THE TASK
Start the output with the opening line of the listing below and continue, reproducing each line exactly, up to and including the line that contains "A5 Binder PU".

SOURCE RECORDS
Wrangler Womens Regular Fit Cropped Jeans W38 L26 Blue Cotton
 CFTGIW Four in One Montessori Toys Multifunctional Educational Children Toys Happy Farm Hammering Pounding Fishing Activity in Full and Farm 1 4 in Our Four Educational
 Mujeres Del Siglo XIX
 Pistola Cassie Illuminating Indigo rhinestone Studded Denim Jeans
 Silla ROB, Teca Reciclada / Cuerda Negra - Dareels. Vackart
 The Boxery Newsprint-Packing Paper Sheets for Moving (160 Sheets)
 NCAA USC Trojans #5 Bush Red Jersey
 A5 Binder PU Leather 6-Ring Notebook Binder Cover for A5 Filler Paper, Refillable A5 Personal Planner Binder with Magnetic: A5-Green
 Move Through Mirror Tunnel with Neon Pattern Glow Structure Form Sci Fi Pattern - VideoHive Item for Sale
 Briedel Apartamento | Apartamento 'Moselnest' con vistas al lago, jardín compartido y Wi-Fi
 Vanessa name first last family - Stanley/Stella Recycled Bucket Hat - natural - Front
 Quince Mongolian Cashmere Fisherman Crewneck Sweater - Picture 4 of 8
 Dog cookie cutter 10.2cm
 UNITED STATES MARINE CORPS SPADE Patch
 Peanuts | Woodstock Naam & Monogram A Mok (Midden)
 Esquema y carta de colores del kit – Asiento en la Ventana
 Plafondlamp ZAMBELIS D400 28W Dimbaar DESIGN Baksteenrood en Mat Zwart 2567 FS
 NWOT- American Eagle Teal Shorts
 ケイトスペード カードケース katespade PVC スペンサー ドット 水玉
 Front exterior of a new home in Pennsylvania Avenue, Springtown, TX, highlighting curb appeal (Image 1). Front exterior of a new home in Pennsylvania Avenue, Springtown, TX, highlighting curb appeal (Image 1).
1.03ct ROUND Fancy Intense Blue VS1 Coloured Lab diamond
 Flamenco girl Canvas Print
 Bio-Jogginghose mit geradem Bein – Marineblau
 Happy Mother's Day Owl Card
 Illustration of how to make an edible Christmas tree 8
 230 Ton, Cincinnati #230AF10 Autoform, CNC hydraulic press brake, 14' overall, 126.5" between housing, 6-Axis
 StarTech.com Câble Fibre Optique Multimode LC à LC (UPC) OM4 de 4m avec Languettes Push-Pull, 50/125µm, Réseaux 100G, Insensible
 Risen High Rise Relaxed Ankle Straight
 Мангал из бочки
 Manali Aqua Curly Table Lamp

SOLUTION
Wrangler Womens Regular Fit Cropped Jeans W38 L26 Blue Cotton
 CFTGIW Four in One Montessori Toys Multifunctional Educational Children Toys Happy Farm Hammering Pounding Fishing Activity in Full and Farm 1 4 in Our Four Educational
 Mujeres Del Siglo XIX
 Pistola Cassie Illuminating Indigo rhinestone Studded Denim Jeans
 Silla ROB, Teca Reciclada / Cuerda Negra - Dareels. Vackart
 The Boxery Newsprint-Packing Paper Sheets for Moving (160 Sheets)
 NCAA USC Trojans #5 Bush Red Jersey
 A5 Binder PU Leather 6-Ring Notebook Binder Cover for A5 Filler Paper, Refillable A5 Personal Planner Binder with Magnetic: A5-Green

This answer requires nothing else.